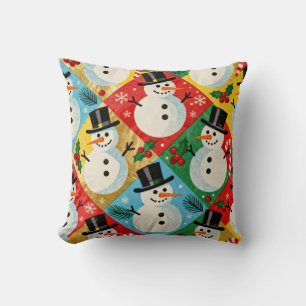Retro Snowmen Cushion
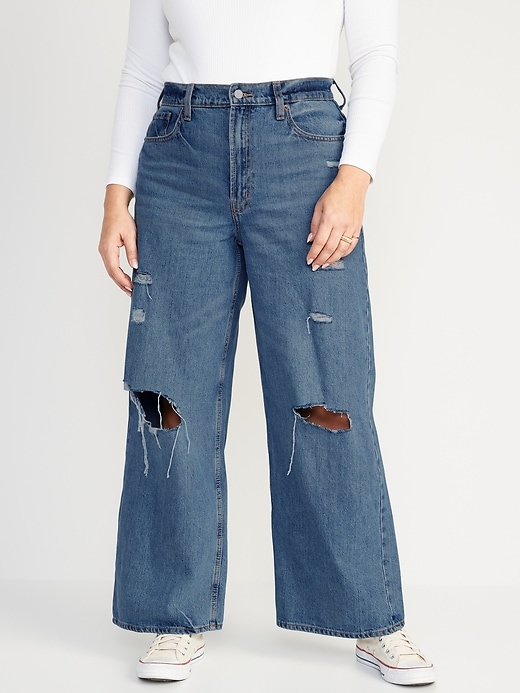 Image number 5 showing, Extra High-Waisted Ripped Baggy Wide-Leg Non-Stretch Jeans for Women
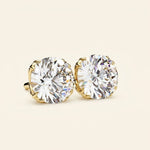 Load image into Gallery viewer, Round Stud Earrings With Double Prong Settings
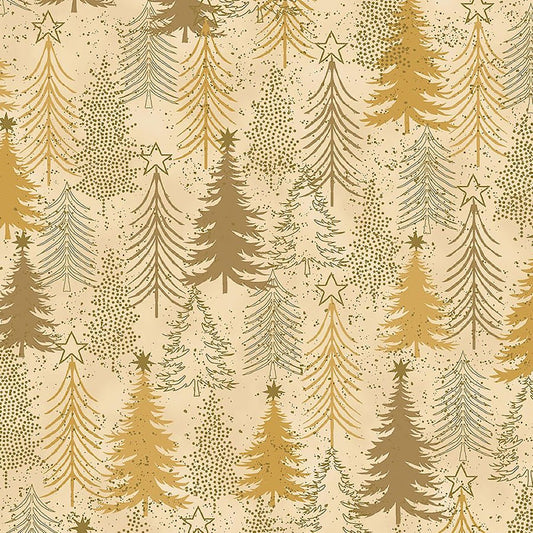 Snow Crystals Trees Beige/Gold Metallic - Stof of Denmark from Fort Worth Fabric Studio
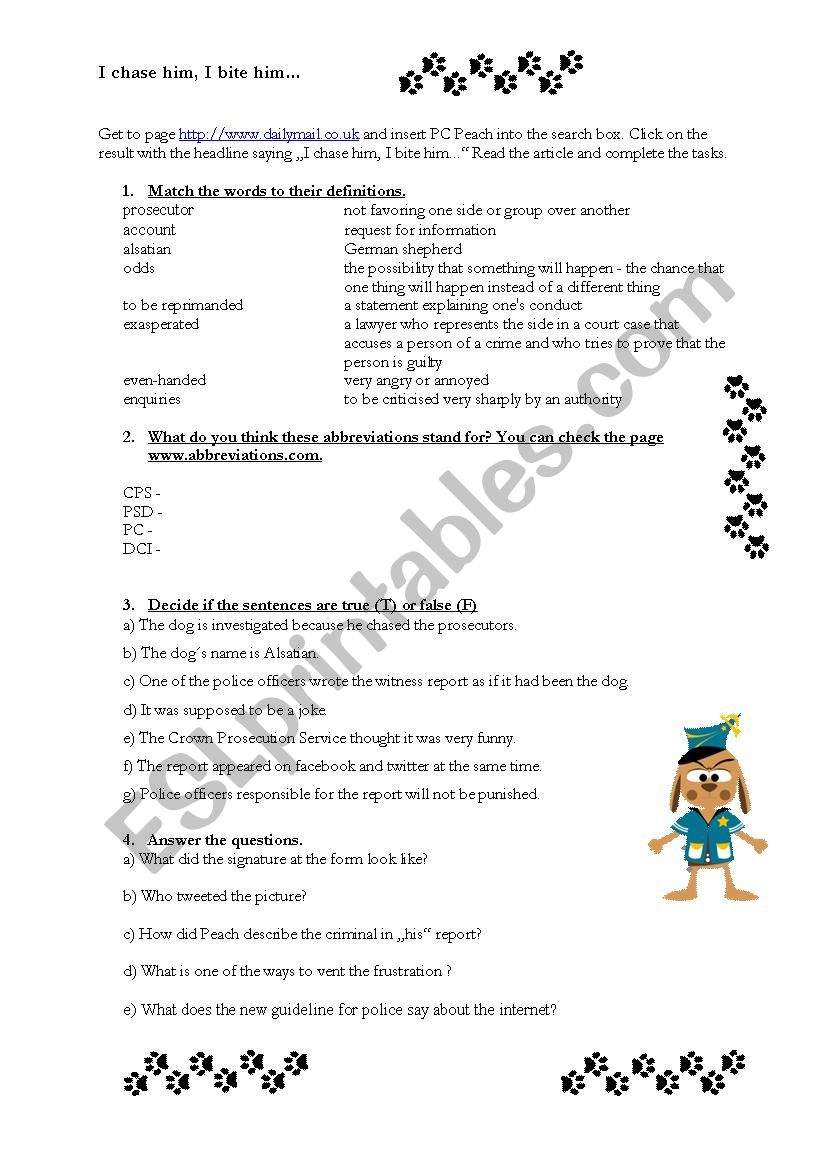 I chase him, I bite him... worksheet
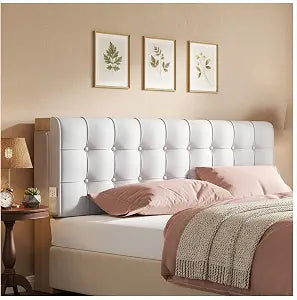 Headboard Pillow, 45D Memory Foam Bed Backrest - 47x24x4 Tool-Free Installation, 4-in-1 Versatile Reading/Lumbar Support Pillow for Dorm, Rental & Bedroom, White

■ ■ ■ ■ ■ ■ ■

▶ Your assignment:
Of the entries above, print exactly those lines that run from the one containing "Image number 5" through the last line, excluding any pictures.

▶ Exercise response:
 Image number 5 showing, Extra High-Waisted Ripped Baggy Wide-Leg Non-Stretch Jeans for Women
 Load image into Gallery viewer, Round Stud Earrings With Double Prong Settings
 Snow Crystals Trees Beige/Gold Metallic - Stof of Denmark from Fort Worth Fabric Studio
 I chase him, I bite him... worksheet
 Headboard Pillow, 45D Memory Foam Bed Backrest - 47x24x4 Tool-Free Installation, 4-in-1 Versatile Reading/Lumbar Support Pillow for Dorm, Rental & Bedroom, White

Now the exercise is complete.